I reject the premise, mostly because there is no way to qualify it.

So given what an audience for an Oprah branded website and the a Disney like expectation of marriage and love, I suspect what is meant by "love more then his wife" is really -

_does more things for her._
or_ 
lets her get away with poor behavior more then she would let him do so._

This is a transactional idea of love and to be blunt I believe that way of thinking is crap. Just as much for the person who thinks they want it as the person who is giving it. It usually leads to entitlement and or disillusionment.

Men who love that way usually fall into the category of the White Knights. Thing is, in the end the Knight doesn't get the girl the Prince does. The Knight gets the Dragon and ends up burned if not killed. I think if you do behave like that you run the risk of being replaced because you wife very likely will become disillusioned. The reason for that is because that kind of love is inauthentic. It's really about insecurities and covert deals. It's - "if I do all this stuff for you and keep my mouth shut then you HAVE to stay with me".

To be timely I wonder if Will Smith fits into this category. His behavior in the last few years does. Seems to me his wife treats the guys who don't much better.

Truthfully I don't believe anyone even the women reading these articles want this (assuming they are mentally healthy which is probably a dumb assumption). Now they may not know better though so they may think they do. The problem with this kind of love is it's not real. It's self focus in the sense that it's motivation is about self preservation or avoiding conflict. It's static, it has no life. It's boring.

Eventually the other person in the relationship catches on and grows tired of it, because it doesn't come with any challenge or value. Something that is given away always seems less valuable then something that is hard won. Unfortunately what happens to a lot of guys like this is their wife meets a man who doesn't treat her like this and just the genuine authenticity is attractive to her. The wives who are moral just become discontent but also start to resent there husbands. If this guy is also immoral they end up cheating together. The irony is that guy isn't authentic either, and his "love" is just as self motivated. For the women in this situation her real problem is that she is unable to identify authenticity. Her picker is broken. Not to mention a lot of other stuff that I won't get into in this post. Thinking like this or reading blogs like this would have been a red flag to me when I was dating. It's a very childish way of thinking about the world and marriage.

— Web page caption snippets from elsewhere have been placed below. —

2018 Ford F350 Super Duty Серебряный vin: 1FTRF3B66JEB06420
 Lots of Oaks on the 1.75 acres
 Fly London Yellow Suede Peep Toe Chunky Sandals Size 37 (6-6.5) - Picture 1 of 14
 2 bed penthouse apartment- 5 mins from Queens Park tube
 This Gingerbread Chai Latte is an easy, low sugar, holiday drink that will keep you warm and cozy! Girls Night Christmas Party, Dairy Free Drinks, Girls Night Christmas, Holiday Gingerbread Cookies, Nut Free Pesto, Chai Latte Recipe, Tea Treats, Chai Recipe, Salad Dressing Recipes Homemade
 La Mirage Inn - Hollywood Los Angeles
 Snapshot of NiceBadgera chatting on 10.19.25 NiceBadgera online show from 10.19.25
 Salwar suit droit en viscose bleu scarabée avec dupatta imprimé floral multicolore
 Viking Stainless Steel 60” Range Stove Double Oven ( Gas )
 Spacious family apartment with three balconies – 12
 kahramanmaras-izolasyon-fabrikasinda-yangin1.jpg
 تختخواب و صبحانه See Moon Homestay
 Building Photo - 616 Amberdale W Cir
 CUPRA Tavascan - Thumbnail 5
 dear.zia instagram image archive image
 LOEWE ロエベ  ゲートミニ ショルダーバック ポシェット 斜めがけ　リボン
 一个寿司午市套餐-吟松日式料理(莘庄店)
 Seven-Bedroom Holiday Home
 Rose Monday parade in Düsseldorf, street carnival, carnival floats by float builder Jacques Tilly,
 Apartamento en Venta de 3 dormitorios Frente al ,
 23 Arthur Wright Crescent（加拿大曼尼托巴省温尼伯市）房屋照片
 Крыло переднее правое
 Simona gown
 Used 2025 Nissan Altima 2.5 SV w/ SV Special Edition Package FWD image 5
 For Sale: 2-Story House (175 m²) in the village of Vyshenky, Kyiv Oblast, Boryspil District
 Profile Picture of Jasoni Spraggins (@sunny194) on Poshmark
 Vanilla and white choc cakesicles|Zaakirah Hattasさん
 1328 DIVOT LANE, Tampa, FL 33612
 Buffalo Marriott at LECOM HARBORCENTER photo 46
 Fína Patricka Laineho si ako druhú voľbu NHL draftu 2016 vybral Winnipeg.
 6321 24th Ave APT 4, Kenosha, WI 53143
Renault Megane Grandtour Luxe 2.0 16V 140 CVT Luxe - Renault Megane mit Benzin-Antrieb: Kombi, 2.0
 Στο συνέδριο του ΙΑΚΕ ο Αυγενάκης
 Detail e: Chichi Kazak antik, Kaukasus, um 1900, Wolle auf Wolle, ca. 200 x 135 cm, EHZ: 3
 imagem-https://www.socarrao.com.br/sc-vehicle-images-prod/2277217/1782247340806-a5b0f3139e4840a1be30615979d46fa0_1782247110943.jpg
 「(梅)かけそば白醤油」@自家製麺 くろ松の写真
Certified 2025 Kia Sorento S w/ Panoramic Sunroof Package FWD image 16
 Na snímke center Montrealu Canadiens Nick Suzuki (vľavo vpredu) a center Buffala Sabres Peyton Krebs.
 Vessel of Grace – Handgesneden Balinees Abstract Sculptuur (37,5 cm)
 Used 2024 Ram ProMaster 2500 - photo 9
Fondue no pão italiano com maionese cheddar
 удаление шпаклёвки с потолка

Besides I don't think I would be that appealing, because I am hard won. However my wife has the most character of any person I know. She suffers fools lightly and takes her life seriously. She is also hard won. Because of that we have a dynamic and authentic relationship. Partly because we both have expectations of the other. In fact I have friends that have a dynamic that is much closer to the Oprah kind and my wife has thanked me on more then one occasion for not being like that. One of the best complements I ever got when talking about a friend of mine who is always "yes dear" was, "I could never be married to someone like that, they are just to weak for me." Essentially, thanks for challenging me and not letting me run all over you. The truth is a different man might.

My wife was in her early 30s when I met her, she was well established and had very high expectations. And g-damn if that wasn't attractive.

Love is as much a verb as it is an adjective.

So all that to answer your question. (You asked, welcome to TAM...)

I think my wife and I love exactly the same way and to the very same standard. We love each other as hard as we can, even at times when it's not as easy. We try to be kind and attuned to the other. We fiercely support each other and the marriage. The marriage takes priority. But we also don't love each other enough to let the other abuse us. Our love comes with expectations. I chose well.

As I grew up I didn't want the Disney kind of love. I wanted the real kind.


----------



## so_sweet (10 mo ago)

sokillme said:


> I reject the premise, mostly because there is no way to qualify it.
> 
> So given what an audience for an Oprah branded website and the a Disney like expectation of marriage and love, I suspect what is meant by "love more then his wife" is really -
> 
> ...


I read your post a couple of times to hopefully really absorb what you’ve said and I agree with the points you have made.

I enjoyed reading about your marriage and the way you and your wife are. The two of you have what I think is perfection and the way you describe your marriage is awe-inspiring.

Also, regarding how most women reading the articles wouldn’t want a husband like that, I think you’re right. I know that I wouldn’t and I don’t.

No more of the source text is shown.